## Task to complete
The listing that follows must be given again in full and exactly.

## Information provided
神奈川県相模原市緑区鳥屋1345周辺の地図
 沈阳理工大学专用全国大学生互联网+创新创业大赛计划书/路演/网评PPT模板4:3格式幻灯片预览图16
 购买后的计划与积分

## Completed exercise
神奈川県相模原市緑区鳥屋1345周辺の地図
 沈阳理工大学专用全国大学生互联网+创新创业大赛计划书/路演/网评PPT模板4:3格式幻灯片预览图16
 购买后的计划与积分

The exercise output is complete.